There are currently no known transgender student athletes competing in high school sports in Tahoe-Truckee Unified, district officials told the education department in a letter. But a former student filed a complaint with the state in June after the board decided to stick with Nevada athletics, Kramer said.

A national debate

The dispute comes amid a nationwide battle over the rights of transgender youth in which states have restricted transgender girls from participating on girls sports teams, barred gender-affirming surgeries for minors and required parents to be notified if a child changes their pronouns at school. At least 24 states have laws barring transgender women and girls from participating in certain sports competitions. Some of the policies have been blocked in court.

Meanwhile, California is fighting the Trump administration in court over transgender athlete policies. President Donald Trump issued an executive order in February aimed at banning transgender women and girls from participating in female athletics. The U.S. Justice Department also sued the California Department of Education in July, alleging its policy allowing transgender girls to compete on girls sports teams violates federal law.

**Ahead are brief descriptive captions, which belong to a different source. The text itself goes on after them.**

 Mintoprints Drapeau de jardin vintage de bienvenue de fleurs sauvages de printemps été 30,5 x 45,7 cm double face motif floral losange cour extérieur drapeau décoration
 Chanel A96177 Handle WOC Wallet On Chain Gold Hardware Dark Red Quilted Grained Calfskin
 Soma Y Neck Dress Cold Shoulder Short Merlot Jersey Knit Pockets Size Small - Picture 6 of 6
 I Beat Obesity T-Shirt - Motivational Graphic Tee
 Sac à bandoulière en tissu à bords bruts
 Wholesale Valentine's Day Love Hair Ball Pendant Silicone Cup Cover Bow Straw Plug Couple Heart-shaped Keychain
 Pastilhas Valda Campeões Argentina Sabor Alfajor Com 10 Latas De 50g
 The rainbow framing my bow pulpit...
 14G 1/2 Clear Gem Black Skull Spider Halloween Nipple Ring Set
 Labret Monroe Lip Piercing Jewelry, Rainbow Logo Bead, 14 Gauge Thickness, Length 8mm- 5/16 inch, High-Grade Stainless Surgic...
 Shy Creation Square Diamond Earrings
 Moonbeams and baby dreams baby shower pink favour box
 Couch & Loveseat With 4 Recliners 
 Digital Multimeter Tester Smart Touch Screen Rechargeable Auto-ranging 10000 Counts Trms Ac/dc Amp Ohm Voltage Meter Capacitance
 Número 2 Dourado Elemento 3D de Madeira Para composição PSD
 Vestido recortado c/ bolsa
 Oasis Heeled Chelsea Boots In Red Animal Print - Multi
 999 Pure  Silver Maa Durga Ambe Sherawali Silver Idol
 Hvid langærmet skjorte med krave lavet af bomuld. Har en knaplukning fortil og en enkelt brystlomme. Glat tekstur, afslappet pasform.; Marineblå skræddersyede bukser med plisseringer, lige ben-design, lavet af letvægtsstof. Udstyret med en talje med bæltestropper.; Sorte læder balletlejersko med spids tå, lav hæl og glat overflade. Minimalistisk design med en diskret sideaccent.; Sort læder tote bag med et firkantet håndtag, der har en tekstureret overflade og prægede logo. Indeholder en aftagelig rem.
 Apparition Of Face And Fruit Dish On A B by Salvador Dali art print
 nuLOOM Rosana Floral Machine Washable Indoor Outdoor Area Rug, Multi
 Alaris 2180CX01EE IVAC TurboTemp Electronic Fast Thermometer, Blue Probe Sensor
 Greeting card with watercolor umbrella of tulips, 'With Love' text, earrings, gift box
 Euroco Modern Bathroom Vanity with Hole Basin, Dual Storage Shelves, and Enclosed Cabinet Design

And Democratic Gov. Gavin Newsom, who has signedlaws aimed at protecting trans youth, shocked party allies in March when he raised questions on his podcast about the fairness of trans women and girls competing against other female athletes. His office did not comment on the Tahoe-Truckee Unified case, but said Newsom “rejects the right wing’s cynical attempt to weaponize this debate as an excuse to vilify individual kids.”

The state education department said in a statement that all California districts must follow the law regardless of which state’s athletic association they join.

At the Tahoe-Truckee school board meeting this week, some parents and one student said they opposed allowing trans girls to participate on girls teams.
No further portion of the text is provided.